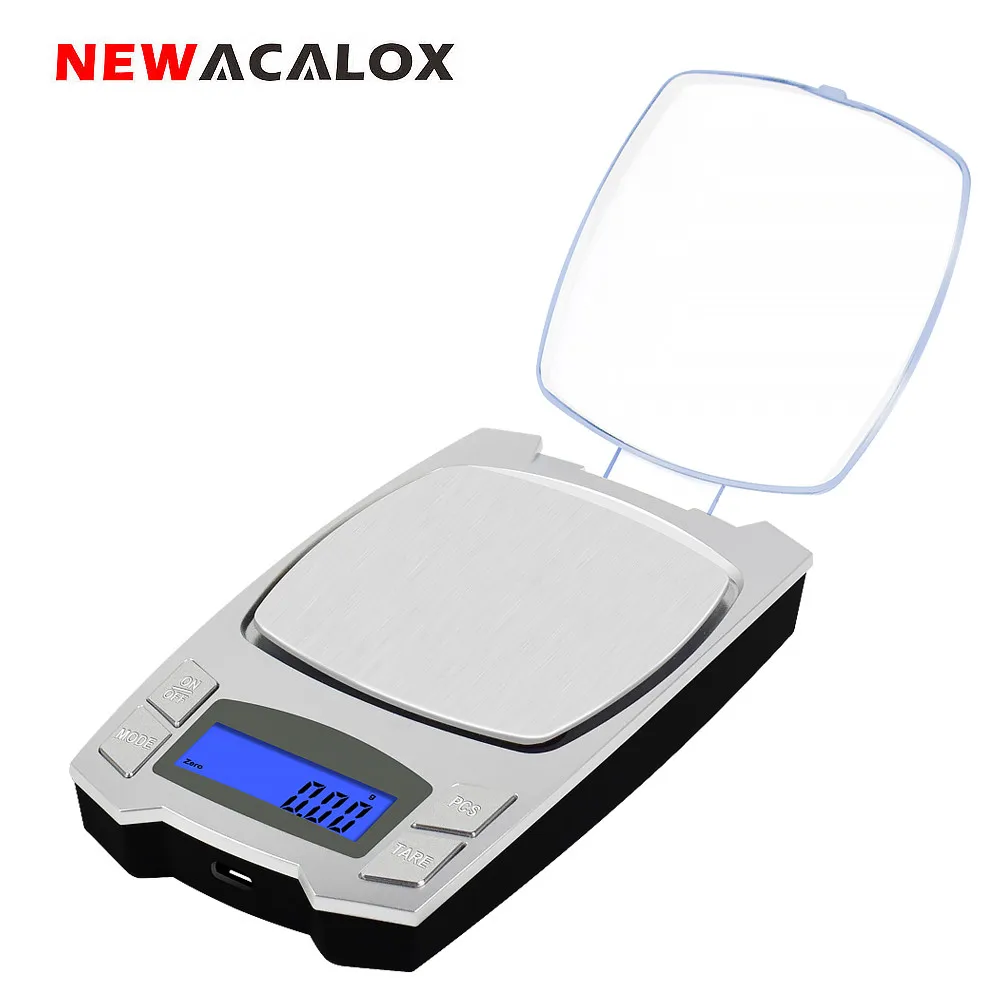 Электронные весы NEWACALOX 500 г x 0 01 портативные карманные с USB зарядкой и цифровым ЖК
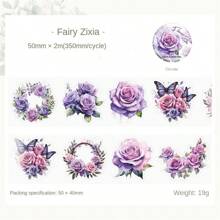 2m/Roll PET Tape Plant And Flower Scrapbook Sticker Set Retro Rose, Sunflower, Hydrangea Butterfly Transparent Waterproof Sticker Set Suitable For Scrapbook Supplies Aesthetic Diary Craftsmanship, Can Also Be Used For DIY Birthday Gifts, Diary Notebook Decoration, Party Gift Decoration, Etc - Multicolor - View 14
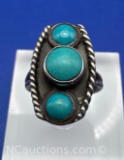 Navajo Sterling Silver Turquoise Braided Ring 3 Grams Size 6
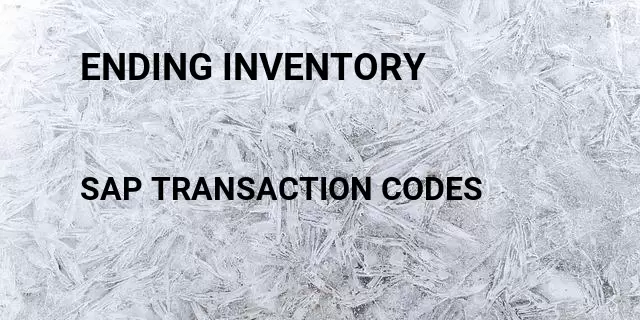 Ending inventory Tcode in SAP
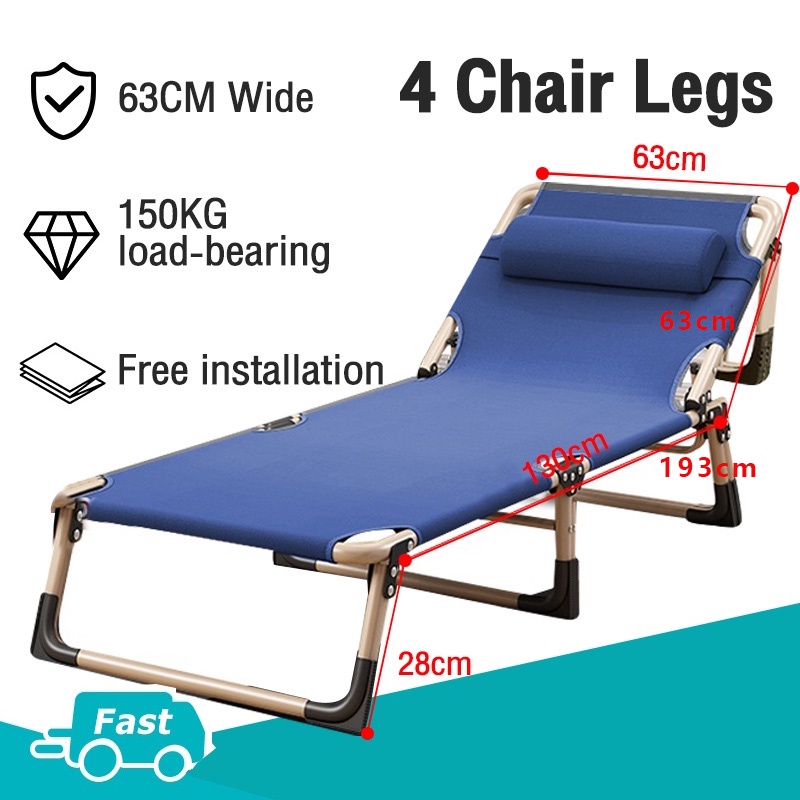 Folding Bed Folding chair with Mattress Heavy Duty Single Foldable Bed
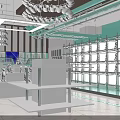 Green Exhibition Booth With Metal Frame Display Cabinets Screens And Man In Suit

**ABOUT THIS TASK:** The records above are to be copied exactly, without their pictures.

**TASK OUTPUT:**
 Электронные весы NEWACALOX 500 г x 0 01 портативные карманные с USB зарядкой и цифровым ЖК
 2m/Roll PET Tape Plant And Flower Scrapbook Sticker Set Retro Rose, Sunflower, Hydrangea Butterfly Transparent Waterproof Sticker Set Suitable For Scrapbook Supplies Aesthetic Diary Craftsmanship, Can Also Be Used For DIY Birthday Gifts, Diary Notebook Decoration, Party Gift Decoration, Etc - Multicolor - View 14
 Navajo Sterling Silver Turquoise Braided Ring 3 Grams Size 6
 Ending inventory Tcode in SAP
 Folding Bed Folding chair with Mattress Heavy Duty Single Foldable Bed
 Green Exhibition Booth With Metal Frame Display Cabinets Screens And Man In Suit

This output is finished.